| Problem to work on |
Give the data below again exactly, and drop each picture from it.

| Information supplied |
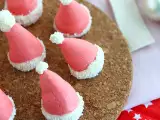 Santa hat meringues, photo 1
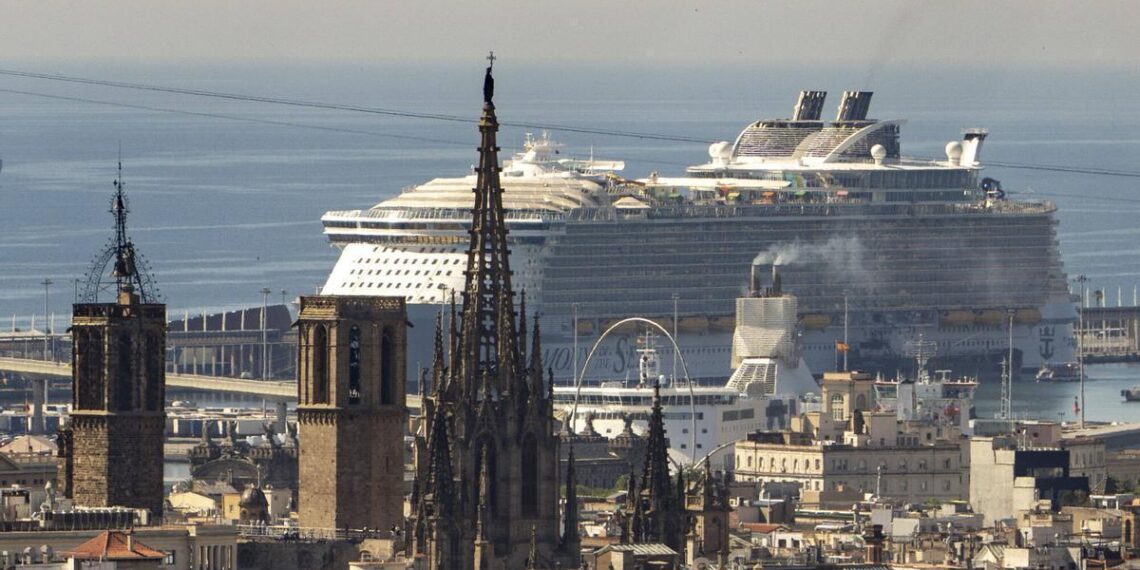 Vistas de Barcelona con un crucero al fondo, en el muelle Adossat, el pasado mayo.
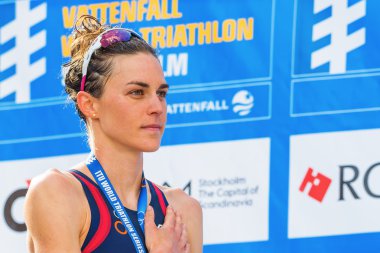 Stockholm - Ağustos, 24: altın madalya gwen jorgensen sırasında İstiklal Marşı womens İTÜ dünya triatlon serisi olay 24 Ağustos 2013 stockholm, İsveç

| Written response |
 Santa hat meringues, photo 1
 Vistas de Barcelona con un crucero al fondo, en el muelle Adossat, el pasado mayo.
 Stockholm - Ağustos, 24: altın madalya gwen jorgensen sırasında İstiklal Marşı womens İTÜ dünya triatlon serisi olay 24 Ağustos 2013 stockholm, İsveç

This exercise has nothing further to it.